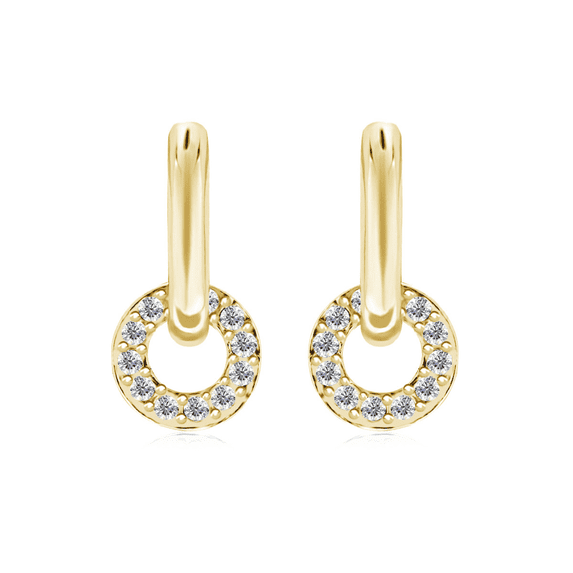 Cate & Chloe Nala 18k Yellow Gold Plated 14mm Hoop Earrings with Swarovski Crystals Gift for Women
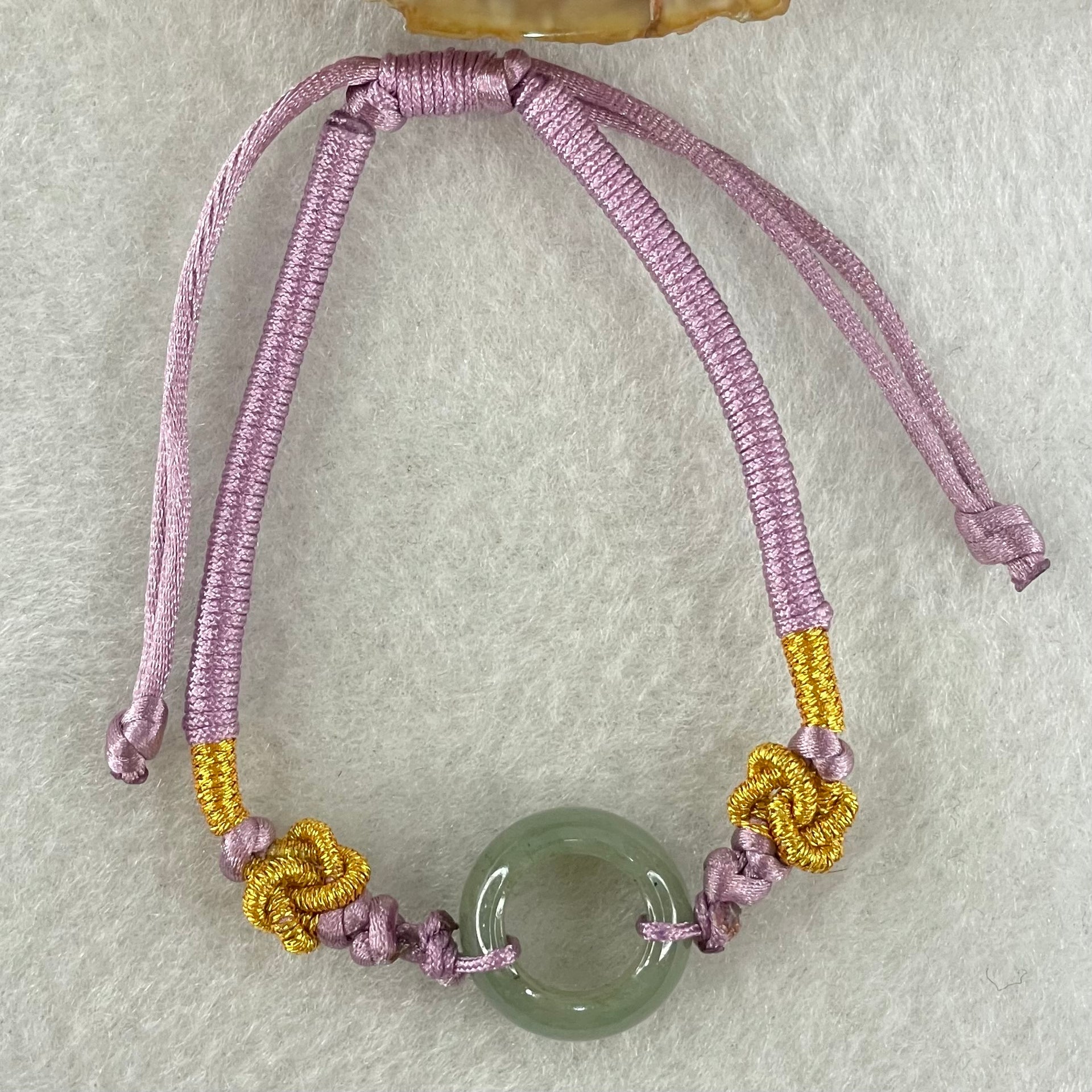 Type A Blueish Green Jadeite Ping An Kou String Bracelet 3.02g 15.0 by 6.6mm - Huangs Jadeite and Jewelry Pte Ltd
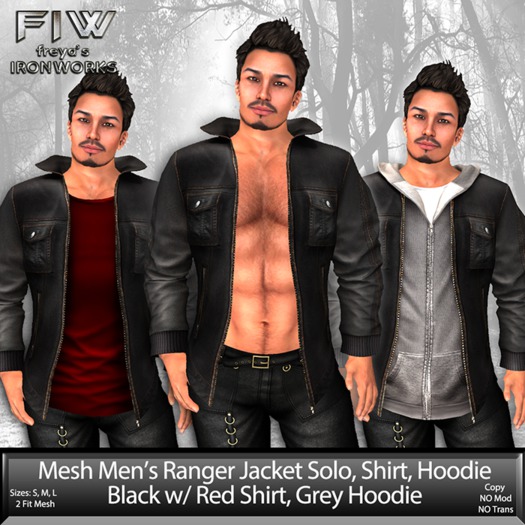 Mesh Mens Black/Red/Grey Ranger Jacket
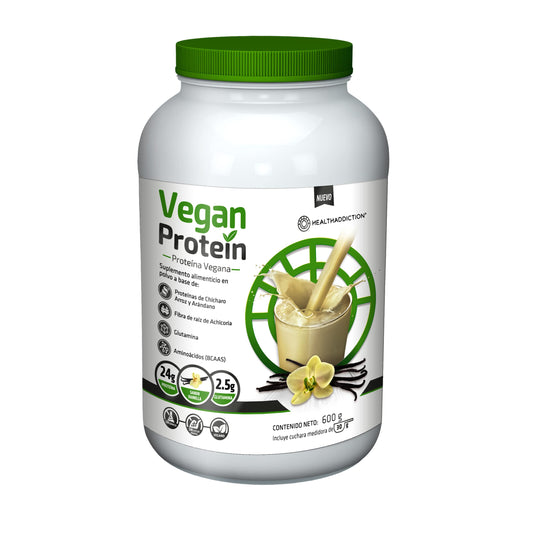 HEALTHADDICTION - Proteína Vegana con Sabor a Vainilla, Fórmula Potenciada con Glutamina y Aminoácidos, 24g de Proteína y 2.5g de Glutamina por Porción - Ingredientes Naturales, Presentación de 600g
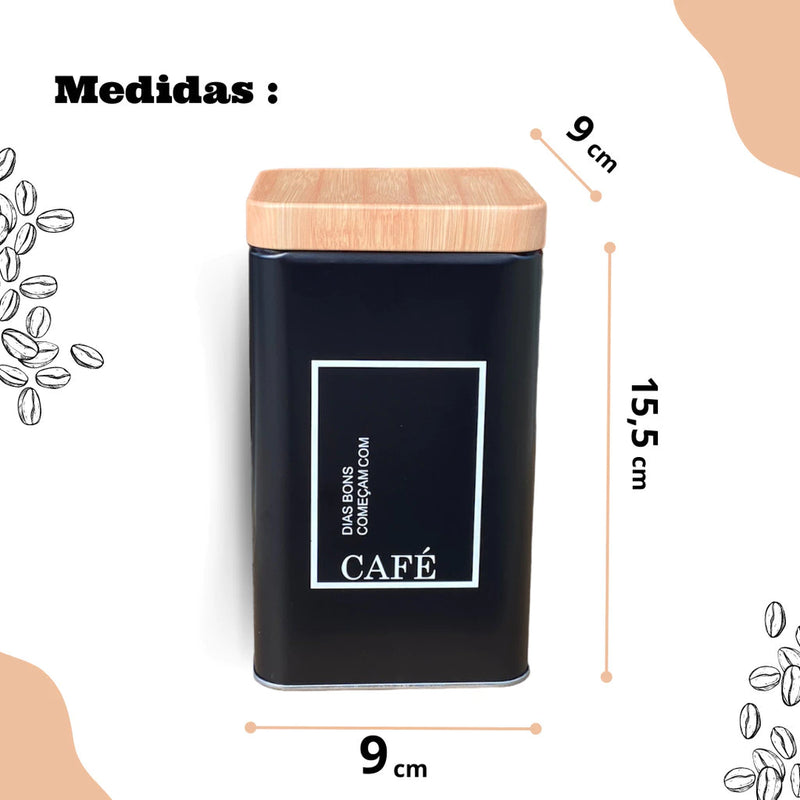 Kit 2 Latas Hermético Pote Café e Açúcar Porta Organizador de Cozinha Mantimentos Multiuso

---

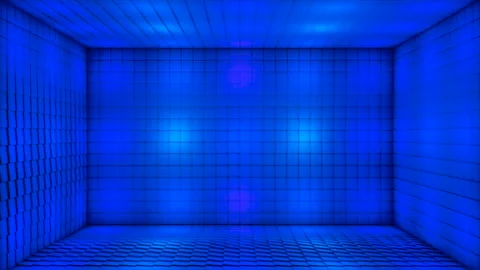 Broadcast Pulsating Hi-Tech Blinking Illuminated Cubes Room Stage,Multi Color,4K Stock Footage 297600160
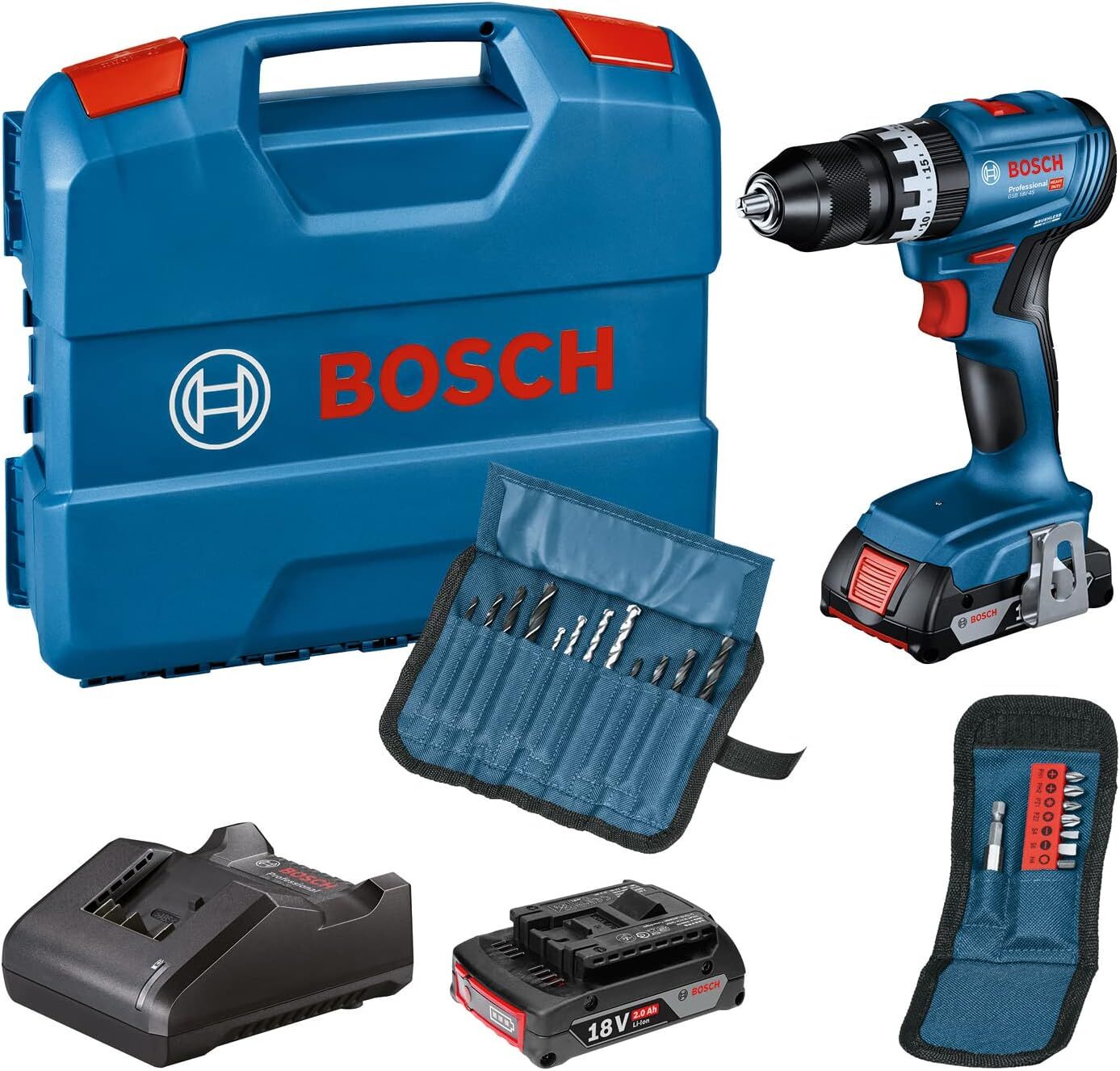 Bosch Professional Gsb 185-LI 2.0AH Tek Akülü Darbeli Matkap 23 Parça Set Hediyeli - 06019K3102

* **Work order**:
Going by the data above, give back only the lines from the one containing "Mesh Mens Black/Red/Grey Ranger Jacket" through the one containing "HEALTHADDICTION - Proteína", exactly as they stand, both ends included and no images.

* **Answer for the task**:
 Mesh Mens Black/Red/Grey Ranger Jacket
 HEALTHADDICTION - Proteína Vegana con Sabor a Vainilla, Fórmula Potenciada con Glutamina y Aminoácidos, 24g de Proteína y 2.5g de Glutamina por Porción - Ingredientes Naturales, Presentación de 600g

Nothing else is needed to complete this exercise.